The Curse isn’t in effect every year. Most Christmases for my family are filled with the normal holiday joys and mishaps that accompany large group gatherings. There are heirloom recipes that fail unexpectedly, or disastrous spills of red wine on something white. We forget to take family photos until the day after the big celebration, as people are leaving – exhausted and unshowered. You get the idea. Like most families, mine may be momentarily flummoxed by these occurrences, but we are able (eventually) to take them in stride with good will and humor.
Now and then, though, The Curse kicks in and all bets are off. My brother, for example, experienced the Curse as days before Christmas the furnace went out in his house, then a second furnace died in the apartment he rents to an older tenant, then his wife had an accident with the family car. Service and repairman sightings in Chicago the day before Christmas are more rare (and more precious) than sightings of Santa emerging from the fireplace with a bag of goodies. Boom. Best-laid plans for a relaxed family Christmas derailed.
I could regale you with stories of the various manifestations of The Christmas Curse over the last fifty years. But I won’t. Suffice it to say, despite these events, we’ve always somehow survived and lived to tell the tales.
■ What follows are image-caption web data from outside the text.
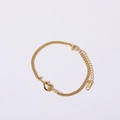 Detail of gold lover's knot bracelet with Cuban chain, lobster clasp and K18 hallmark - Knot Bracelet (16+5cm) / 18K Gold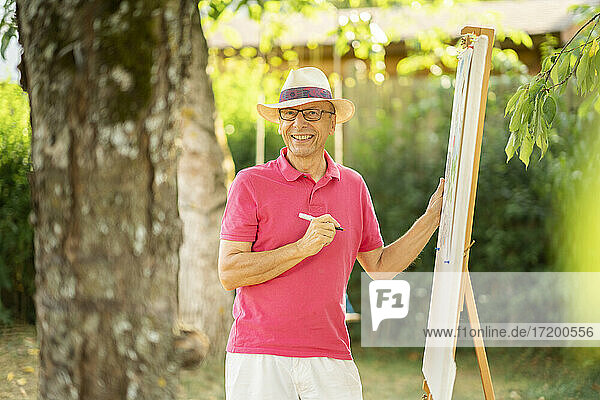 Happy senior man standing by easel at back yard garden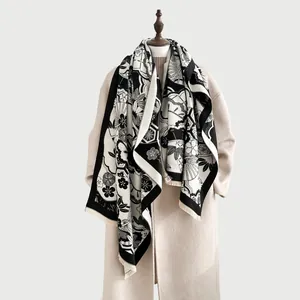 Elegant black and white cashmere-like shawl with traditional floral patterns and fringe edge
Usually, with enough distance, we are able to laugh about them. They become part of the cannon of family lore, told and retold as evidence of both the existence of The Curse and our family’s resilience.
This year turns out to be a Curse year. The three events happened to my parents, and all three were financially impactful. More heart-rending than the money (and this is saying a lot, because my folks are on a fixed income) was that the Curse necessitated moving the holiday celebration from their home to my sister’s. When you’ve planned every detail of the perfect Christmas, needing to renegotiate every one of those details can be overwhelming.
Yesterday, I woke in the guest room at my parents’ home and stumbled out to the kitchen for my first cup of coffee. My parents had been up for hours, making lists of things that needed to be done – people to be called, stuff to be packed for transport to my sister’s, items to be replaced as aftereffects of the three curse events. As I sat listening and huddling into the warmth of my cup of joe, I heard the following exchange:
Dad: Listen. The thing to remember is I love you and you love me.
Mom: Yes. Let’s cling to that.
Then they both erupted into gales of laughter.
And that, my friends, is the thing to remember whenever The Christmas Curse strikes: love and good will always carry the day. Fifty-plus years of experience should have taught us that The Curse has an answer in The Christmas Blessing – as the old carol says, “love came down at Christmas”.
Regardless of the cares and worries wearing on our hearts, let’s cling to that.